Ia juga menekankan pentingnya kewaspadaan di lingkungan sekitar terhadap gejala radikalisme dan terorisme.
“Jika ada yang melihat gejala radikalisme dan terorisme di sekitar kita, maka jangan ragu untuk melapor kepada yang berwajib,” ujarnya.
Ayi mengingatkan bahwa kolaborasi antara masyarakat dan aparat penegak hukum sangat penting untuk mencegah berkembangnya paham-paham radikal di Indonesia.
Sebagai penutup, Kombes Ayi Supardan membuka diri untuk berdiskusi dengan siapa saja yang ingin berbagi pandangan.
“Saya tidak menutup pintu diskusi, siapapun yang ingin berdiskusi dan berbagi pandangan dengan saya, saya sangat welcome,” katanya.
Salah satu Pimpinan Pondok Pesantren Darussalam, KH M. Yasyfi Afazani menegaskan komitmen pesantren dalam menjaga nilai-nilai kebangsaan dan keislaman yang moderat.
“Pesantren merupakan benteng yang kokoh dalam menjaga akidah Islam yang lurus dan moderat. Kami berkomitmen untuk terus berkontribusi dalam mencegah paham radikal yang dapat merusak tatanan masyarakat Indonesia,” ujarnya.
Kiai Yasyfi juga menekankan pentingnya pendidikan di pesantren dalam membentuk karakter santri yang cinta damai, toleran, dan berwawasan kebangsaan.
“Santri harus memahami bahwa agama dan negara bukan hal yang terpisah.

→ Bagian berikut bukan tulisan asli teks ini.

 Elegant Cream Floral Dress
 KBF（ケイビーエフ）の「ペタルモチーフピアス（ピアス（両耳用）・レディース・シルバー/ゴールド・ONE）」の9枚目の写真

Keduanya harus dipelajari dengan sungguh-sungguh, sehingga mereka dapat menjaga keutuhan bangsa ini dari ideologi yang menyimpang,” tambahnya.
Seminar ini berhasil memberikan pemahaman yang mendalam kepada para peserta mengenai peran vital pesantren dalam menangkal radikalisme dan terorisme di Indonesia.
Pesantren, sebagai lembaga pendidikan yang sarat dengan nilai-nilai keislaman yang damai, diharapkan menjadi garda terdepan dalam mengawal ideologi Pancasila dan menjaga keutuhan NKRI.